L'actualité au prisme de la philosophie
L’intervention d’une coalition armée en Lybie avec à la tête la France et les Etats-Unis sous l’égide de l’ONU repose le problème, qui avait refait son apparition depuis une vingtaine d’année dans le débat philosophique, des guerres justes et injustes.
Une problématique théologico-politique médiévale
La question des guerres justes et injustes est une vieille problématique de la scholastique médiévale explorée par des philosophes chrétiens tels que Saint Augustin ou saint Thomas d’Aquin. Il s’agissait de se demander dans quelle mesure la guerre pouvait être compatible avec les principes du christianisme. L’enjeu était ici de pouvoir justifier la légitimité des guerres menées par la papauté et la chrétienté dans son ensemble, en particulier dans un contexte de guerres saintes menées en Orient.
La problématique politique et morale de la guerre juste a donc une origine théologique. Elle constitue une illustration du fait que le discours et le pouvoir religieux ne peuvent être considérés comme de simples dimensions civiles de la société, mais qu’ils ont une fonction politique. Le théologique est toujours du théologico-politique.
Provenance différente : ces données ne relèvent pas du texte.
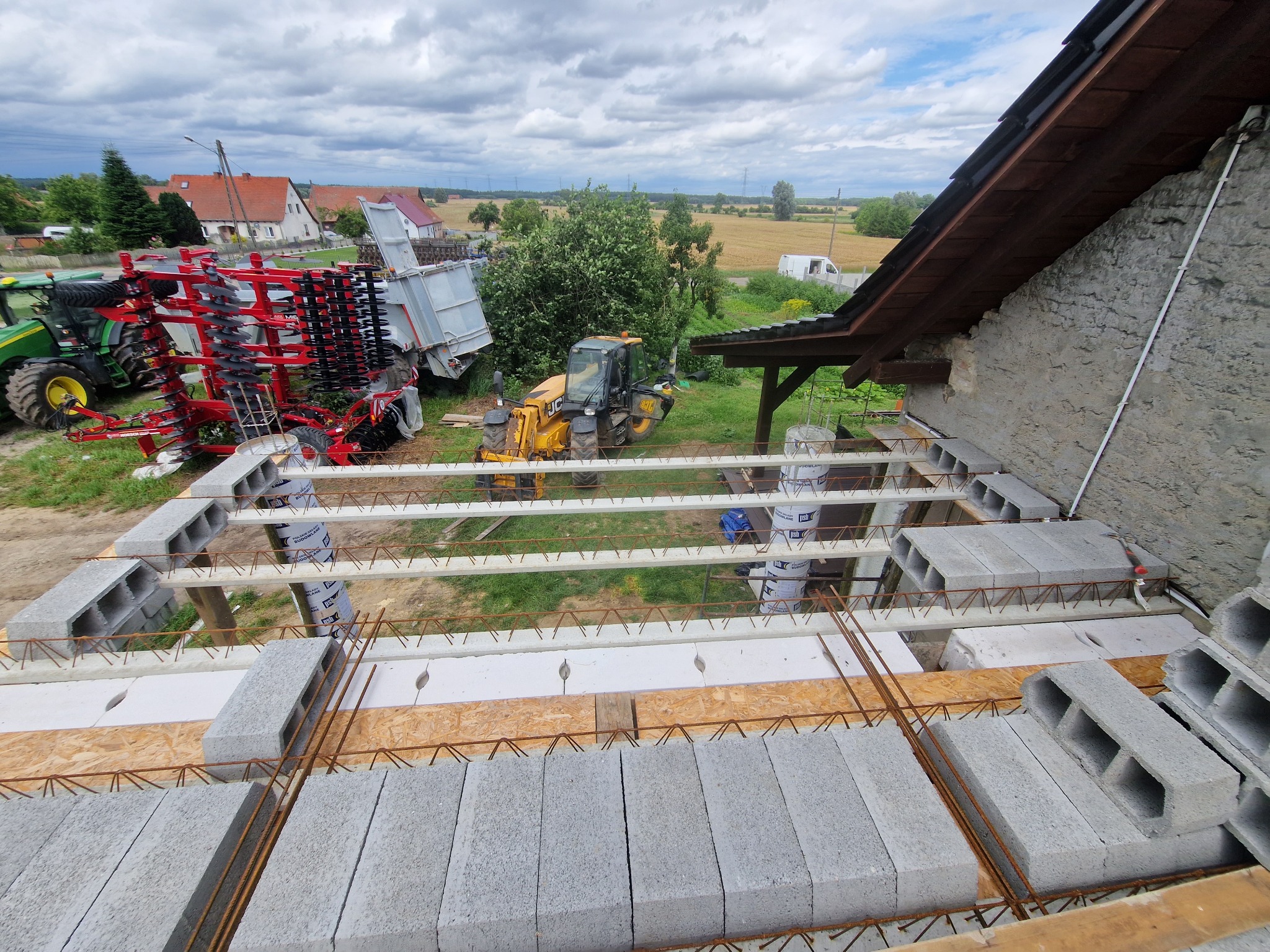 Budowa stropu Teriva z pustaków szalunkowych, zbrojenia i izolacji. W tle maszyny rolnicze i budynki mieszkalne. Widok z góry na plac budowy w słoneczny dzień.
Le renouveau de la problématique des guerres justes et injustes.
Le philosophe Mickael Walzer, en 1977, dans un ouvrage intitulé Guerres justes et injustes, est l’un des premiers à remettre au goût du jour cette problématique à propos de la guerre du Viet-nam.
Mais c’est surtout à partir des années 1990, en particulier dans le contexte de la Première Guerre du Golfe, de la guerre en Bosnie, puis de l’intervention en Afganistan et en Irak que ces problématiques retrouvent une nouvelle actualité.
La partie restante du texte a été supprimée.